◆ **Task brief**
Without copying any picture, return all lines below exactly.

◆ **Provided data**
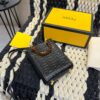 Replica Fendi Bag 13*17CM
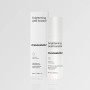 Mesoestetic Brightening Peel Booster 50ml (1 bottle x 50ml)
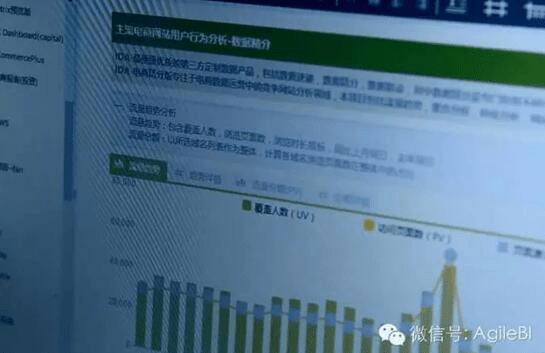 100%最准的一肖，数据支持计划设计，Harmony99.653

◆ **Result below**
 Replica Fendi Bag 13*17CM
 Mesoestetic Brightening Peel Booster 50ml (1 bottle x 50ml)
 100%最准的一肖，数据支持计划设计，Harmony99.653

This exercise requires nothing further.